**Exercise goal**
Print the listing below again, exactly. Skip the pictures.

**Information provided**
★ ★ ★
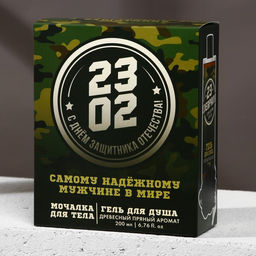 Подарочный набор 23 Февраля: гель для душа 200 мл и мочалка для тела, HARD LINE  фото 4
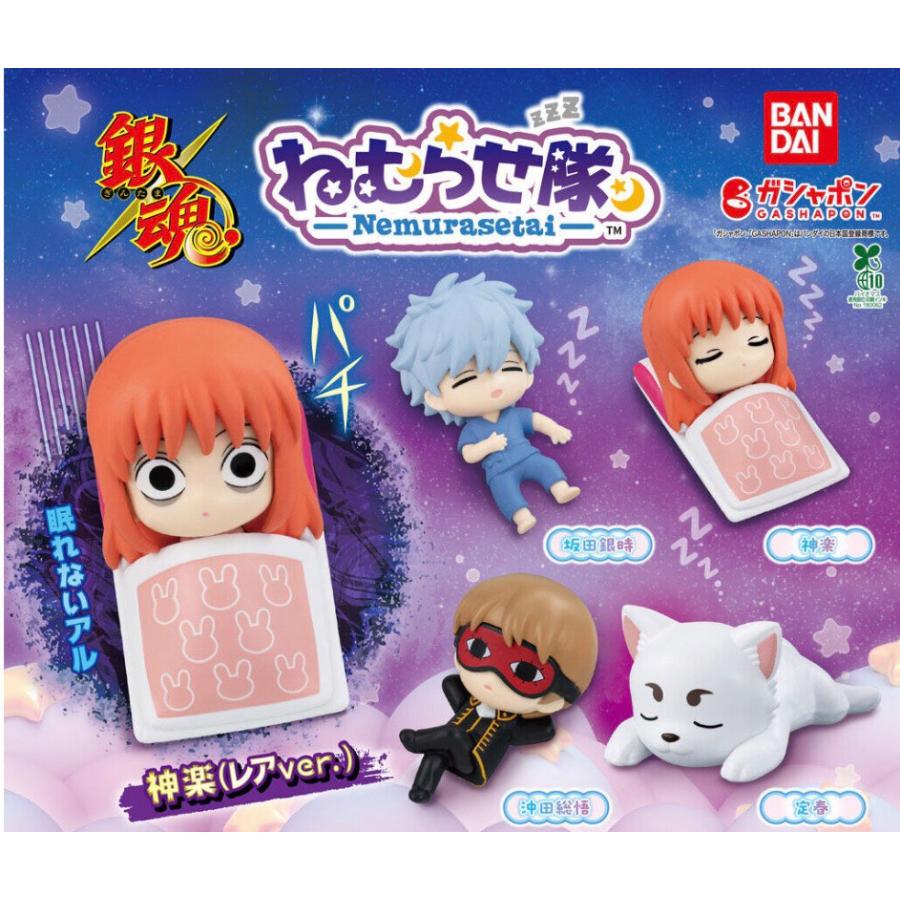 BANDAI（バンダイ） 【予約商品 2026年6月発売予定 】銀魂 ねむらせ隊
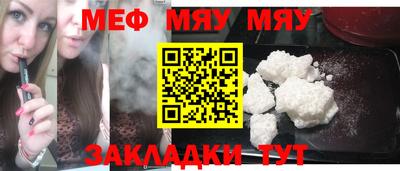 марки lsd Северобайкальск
★ ★ ★
**Final answer**
 Подарочный набор 23 Февраля: гель для душа 200 мл и мочалка для тела, HARD LINE  фото 4
 BANDAI（バンダイ） 【予約商品 2026年6月発売予定 】銀魂 ねむらせ隊
 марки lsd Северобайкальск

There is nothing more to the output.